- **Problem requirements**
Write out an exact copy of the line with "Calcium Combines with" and of each line after it, through the end of the records below.

- **Data provided**

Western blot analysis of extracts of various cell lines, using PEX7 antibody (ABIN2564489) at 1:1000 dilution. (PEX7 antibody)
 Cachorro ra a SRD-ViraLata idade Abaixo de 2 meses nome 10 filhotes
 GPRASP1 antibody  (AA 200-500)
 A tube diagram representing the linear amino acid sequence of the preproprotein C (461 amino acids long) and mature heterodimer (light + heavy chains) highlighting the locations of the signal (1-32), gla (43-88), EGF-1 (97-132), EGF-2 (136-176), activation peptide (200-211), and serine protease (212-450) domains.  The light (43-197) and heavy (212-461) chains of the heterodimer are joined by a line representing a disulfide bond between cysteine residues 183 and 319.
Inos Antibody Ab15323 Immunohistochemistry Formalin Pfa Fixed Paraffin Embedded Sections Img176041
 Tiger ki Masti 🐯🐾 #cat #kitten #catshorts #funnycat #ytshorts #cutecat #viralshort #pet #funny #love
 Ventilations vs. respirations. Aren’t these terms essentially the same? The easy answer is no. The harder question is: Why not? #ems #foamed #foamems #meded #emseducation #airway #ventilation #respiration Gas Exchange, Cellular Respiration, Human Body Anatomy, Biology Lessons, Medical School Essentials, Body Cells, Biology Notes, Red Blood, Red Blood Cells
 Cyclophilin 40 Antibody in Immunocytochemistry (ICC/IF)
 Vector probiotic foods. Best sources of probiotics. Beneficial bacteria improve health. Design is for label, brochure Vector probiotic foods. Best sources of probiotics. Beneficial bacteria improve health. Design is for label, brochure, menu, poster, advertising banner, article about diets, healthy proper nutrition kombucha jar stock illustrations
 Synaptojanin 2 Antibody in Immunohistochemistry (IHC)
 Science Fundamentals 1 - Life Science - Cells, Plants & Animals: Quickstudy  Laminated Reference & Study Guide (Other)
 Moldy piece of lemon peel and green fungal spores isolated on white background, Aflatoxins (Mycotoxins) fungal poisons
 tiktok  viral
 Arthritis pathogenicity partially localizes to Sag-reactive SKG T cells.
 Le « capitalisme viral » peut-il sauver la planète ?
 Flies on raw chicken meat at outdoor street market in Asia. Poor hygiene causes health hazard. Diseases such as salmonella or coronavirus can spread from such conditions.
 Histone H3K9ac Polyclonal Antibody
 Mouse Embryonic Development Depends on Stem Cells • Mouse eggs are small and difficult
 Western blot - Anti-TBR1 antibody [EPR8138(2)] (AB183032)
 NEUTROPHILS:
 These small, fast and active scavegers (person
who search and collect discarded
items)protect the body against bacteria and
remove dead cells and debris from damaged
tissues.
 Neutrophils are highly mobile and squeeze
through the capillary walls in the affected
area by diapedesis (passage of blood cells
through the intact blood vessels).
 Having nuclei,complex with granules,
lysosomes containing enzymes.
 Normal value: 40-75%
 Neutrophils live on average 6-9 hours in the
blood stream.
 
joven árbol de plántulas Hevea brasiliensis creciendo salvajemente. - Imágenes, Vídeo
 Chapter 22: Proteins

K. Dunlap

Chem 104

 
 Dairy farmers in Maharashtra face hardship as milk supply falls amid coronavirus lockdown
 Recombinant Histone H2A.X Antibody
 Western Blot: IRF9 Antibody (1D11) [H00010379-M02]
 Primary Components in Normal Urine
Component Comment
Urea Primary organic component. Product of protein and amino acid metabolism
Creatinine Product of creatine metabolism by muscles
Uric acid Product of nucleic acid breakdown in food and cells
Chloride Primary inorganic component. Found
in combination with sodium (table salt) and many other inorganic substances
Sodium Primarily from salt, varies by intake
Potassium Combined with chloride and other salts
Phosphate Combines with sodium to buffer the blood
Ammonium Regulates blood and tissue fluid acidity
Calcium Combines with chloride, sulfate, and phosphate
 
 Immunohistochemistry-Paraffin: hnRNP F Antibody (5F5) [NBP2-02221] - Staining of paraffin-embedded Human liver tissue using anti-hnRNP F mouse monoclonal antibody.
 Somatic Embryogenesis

- **Completed task**
Calcium Combines with chloride, sulfate, and phosphate
 
 Immunohistochemistry-Paraffin: hnRNP F Antibody (5F5) [NBP2-02221] - Staining of paraffin-embedded Human liver tissue using anti-hnRNP F mouse monoclonal antibody.
 Somatic Embryogenesis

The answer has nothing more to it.